Poverty: Opportunities for Youth
Redefining the life trajectories of America’s impoverished young adults
A 16-year-old drops out of high school because she can’t afford to purchase the required uniform. A teenager lives in a car after he and his family lose their home. Still another is juggling the demands of school with being a single mom. Nearly 14% of the U.S. population lives in poverty, defined as making an annual income of less than $24,600 for a family of four. The effects are long-lasting: Individuals living in poverty are more likely to experience violence, be in foster care, drop out of high school, be unemployed, develop type 2 diabetes, and rely on social services. Youth are the most vulnerable; one out of every five kids under the age of 18 in the U.S. lives in such scarcity.
On their own, the numbers may sound depressing. But there is hope. In this section, we focus on poverty as it specifically affects young adults, and by extension, their children. We do so because intervention at this stage presents an exceptional opportunity to shift life trajectories and potentially break the cycle of impoverishment.

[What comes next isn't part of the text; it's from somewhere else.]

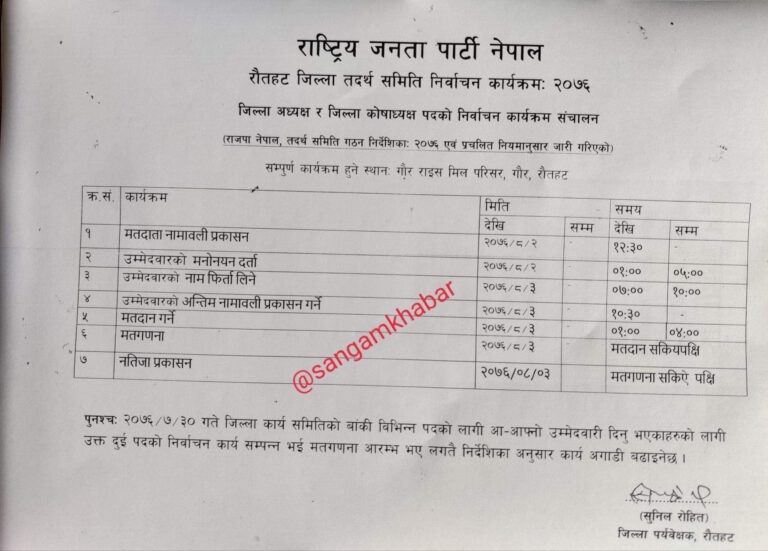 राजपा राैतहटकाे अधिवेशन दूइ तिर, पार्टी भित्र विवाद चुलियाे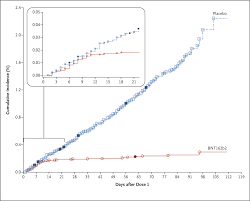 You may experience some mild side effects after. This One Chart Is The Proof Pfizer S Vaccine Works Mit Technology Review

In the following pages we highlight five organizations that connect particularly vulnerable young people—youth aging out of foster care; unemployed and under-skilled young adults; those returning from prison; high school dropouts; and young, first time (often single) parents—to opportunities and support systems that promote greater personal and economic stability.
New research indicates that our brains are not fully formed until we reach our early 20s—a fact that helps explain some dubious decision-making among teens and young adults. It also means that there is room to build in better mental habits and behaviors. If young adults are more stable, personally and economically, not only do they benefit, but so do any current or eventual children who have a better shot at growing up in a supportive environment.
In supporting the work of the organizations mentioned below, donors can help young people at critical stages of their lives and assist them in reaching their untapped potential. As one such young adult described her transformation from high school dropout (because she couldn’t afford the uniform) to exotic dancer to salutatorian of YouthBuild Philadelphia Charter School’s Class of 2014: “I really wish you could meet all the young people I know. Because, to you, my story is so amazing. But it’s a life that I’m used to. It’s all I know. If you think I’m amazing, I wish you could invest and see the people I know, because they are phenomenal.”